======== Information provided ========

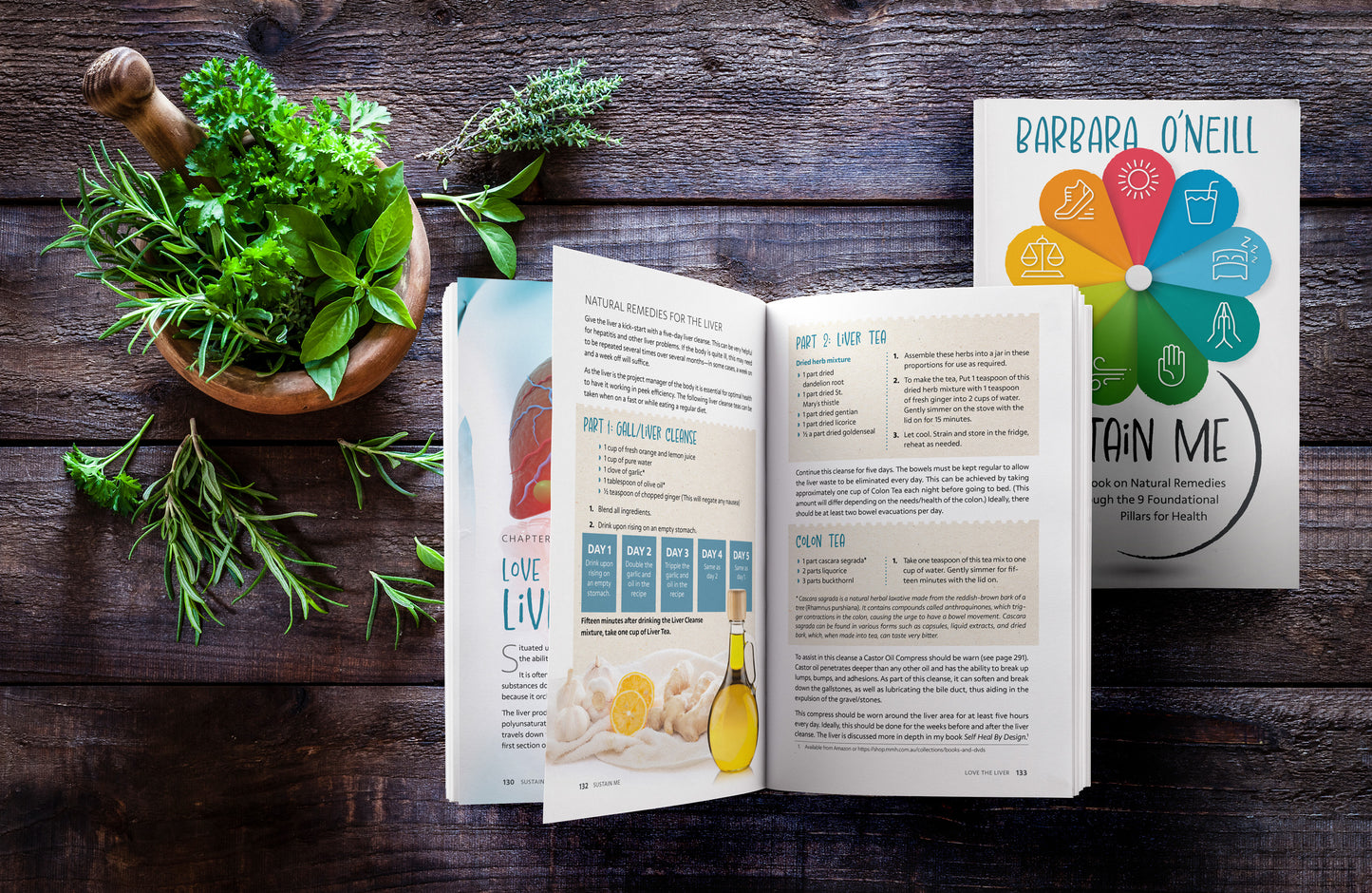 Barbara O'neill Sustain Me Book, The Nine Foundational Pillars For Health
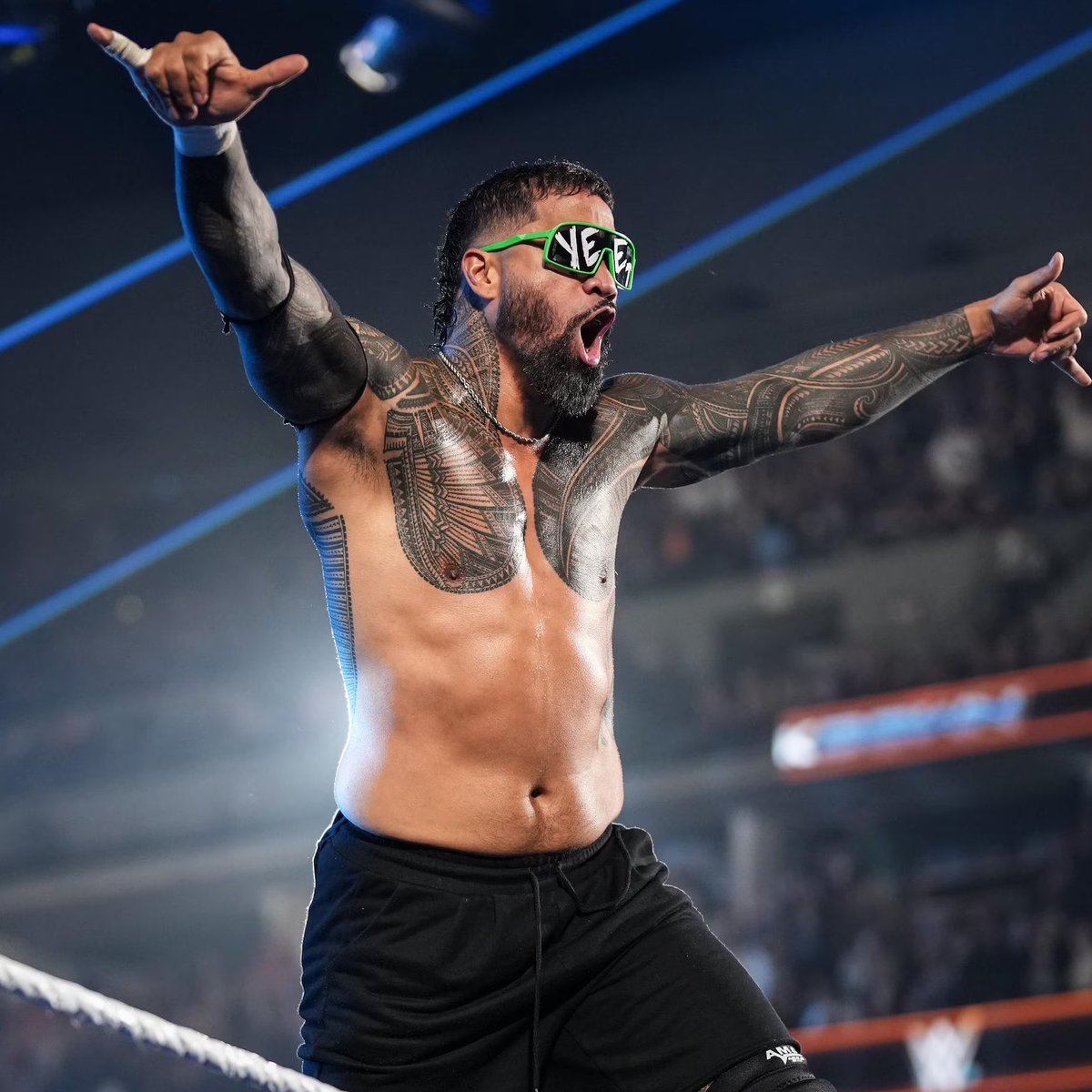 WrestlePurists tweet media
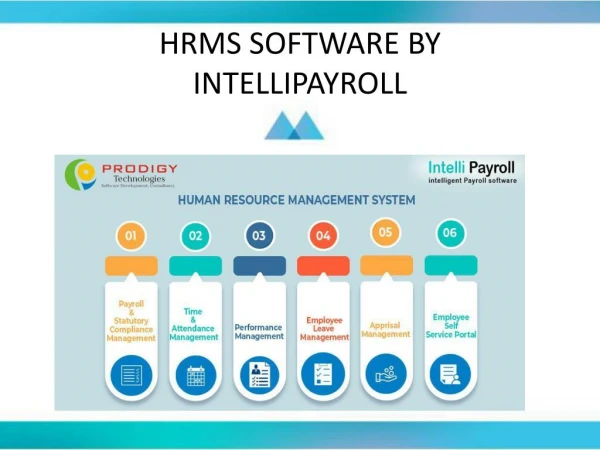 HRMS Software - IntelliPayroll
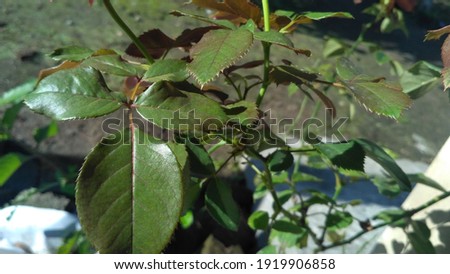 detailed rose leaves and stems
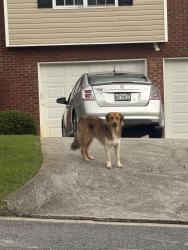 Found/Stray Male Dog last seen Near berline dr, Stonecrest, GA 30038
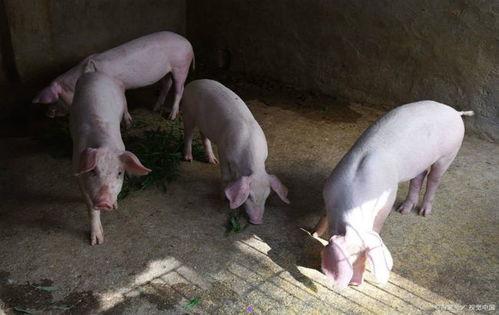 吃瓜猪娱乐视频怀孕,揭秘明星怀孕幕后故事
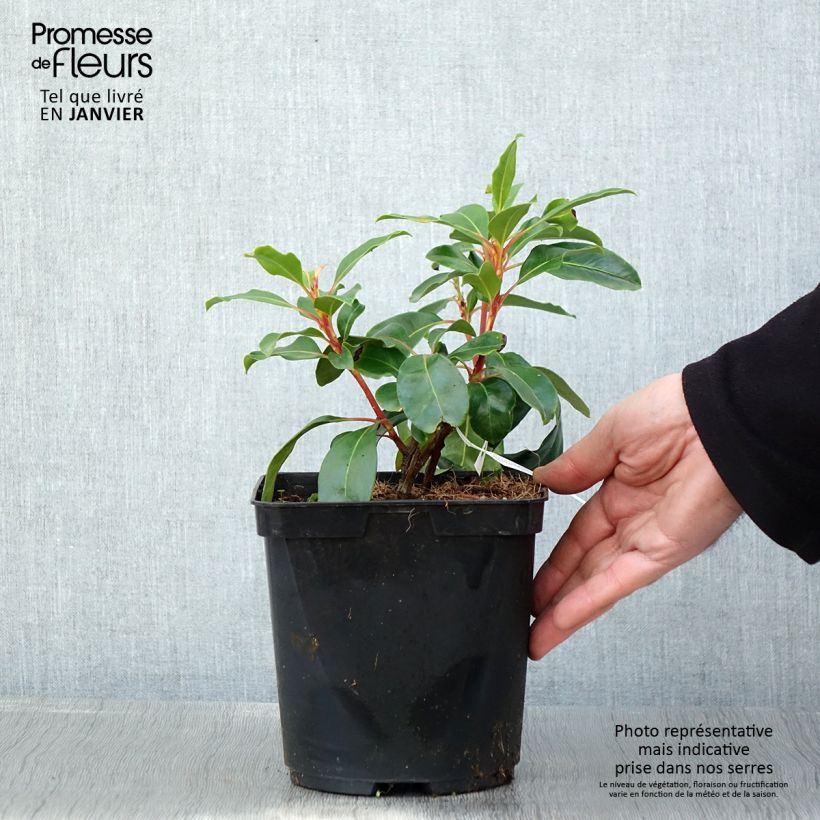 Kalmia latifolia Keepsake - Mountain Laurel 2L/3L pot sample as delivered in winter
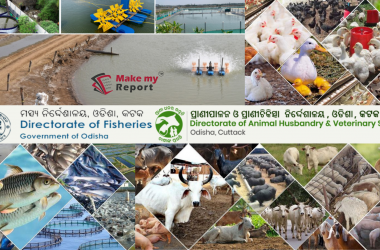 Streamlining Fisheries and Animal Husbandry Reporting with Make My Report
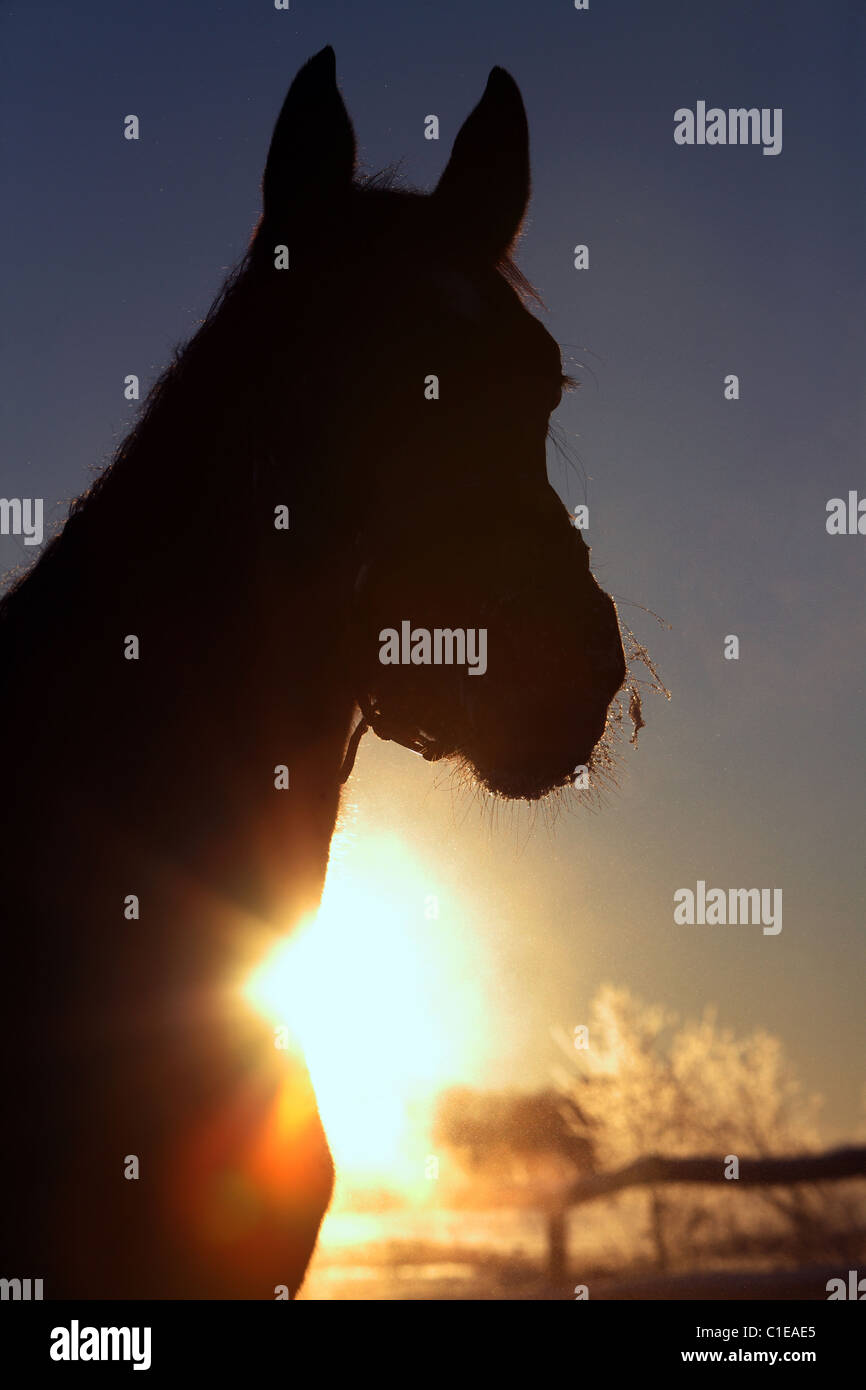 Silhouette of horse at sunrise, Goerlsdorf, Germany Stock Photo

========

● Brief
Keep the pictures out of your answer, which should be the lines from the one with "HRMS Software - IntelliPayroll" through the final line of the data, copied exactly.

● Exercise response
 HRMS Software - IntelliPayroll
 detailed rose leaves and stems
 Found/Stray Male Dog last seen Near berline dr, Stonecrest, GA 30038
 吃瓜猪娱乐视频怀孕,揭秘明星怀孕幕后故事
 Kalmia latifolia Keepsake - Mountain Laurel 2L/3L pot sample as delivered in winter
 Streamlining Fisheries and Animal Husbandry Reporting with Make My Report
 Silhouette of horse at sunrise, Goerlsdorf, Germany Stock Photo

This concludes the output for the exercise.